Tulane ‘peeved' over early track meet


The real beginnings of the track program at SLII came with the formation of the Interscholastic Athletic & Oratorical Association (IA&OA) in 1904. But, there was at least one track meet scheduled in 1903. It apparently generated some controversy because Tulane wasn't invited.
In May 1903, a New Orleans newspaper carried this report:
“The athletic authorities of the Southwestern Industrial Institute gave out the following statement relative to the proposed triangular track meet between LSU, SLII and Tulane:
“For the more accurate information of those interested, we desire to state that the editors of some of the sporting pages of the New Orleans papers are in error in stating that the Tulane track team offered to pay their own expenses to Lafayette in order to join the track meet here next Saturday between LSU and SLII. No such offer was either made or suggested to us. Under ordinary circumstances, however, we should have heartily welcomed such a triangular meet here, without requiring the contestants to bear any expense; but in the present case we want to win the State championship ourselves if we can, and any third party would prove too heavy a tail to the kite.

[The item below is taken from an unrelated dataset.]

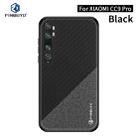 For Xiaomi CC9 Pro / Note10 PINWUYO Rong Series  Shockproof PC + TPU+ Chemical Fiber Cloth Protective Cover(Black) - 1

“Besides, we doubt whether we could hold two such hot potatoes as LSU and Tulane are at the present time. If, as some of the papers say, the Tulane men are ‘peeved,' we might become accessory to a breach of the peace — thereby exposing ourselves to the fire of a legal formula used to answer to a pending New Orleans law suit, ‘Qui bon vetat peccare cum possit, jubet' — or being translated: ‘Whoso (sic) consents a sin to let, commits the sin himself, you bet!'
“Now if we should win next Saturday or tie the score with LSU we should be glad to consider a dual meet with Tulane on the following Saturday."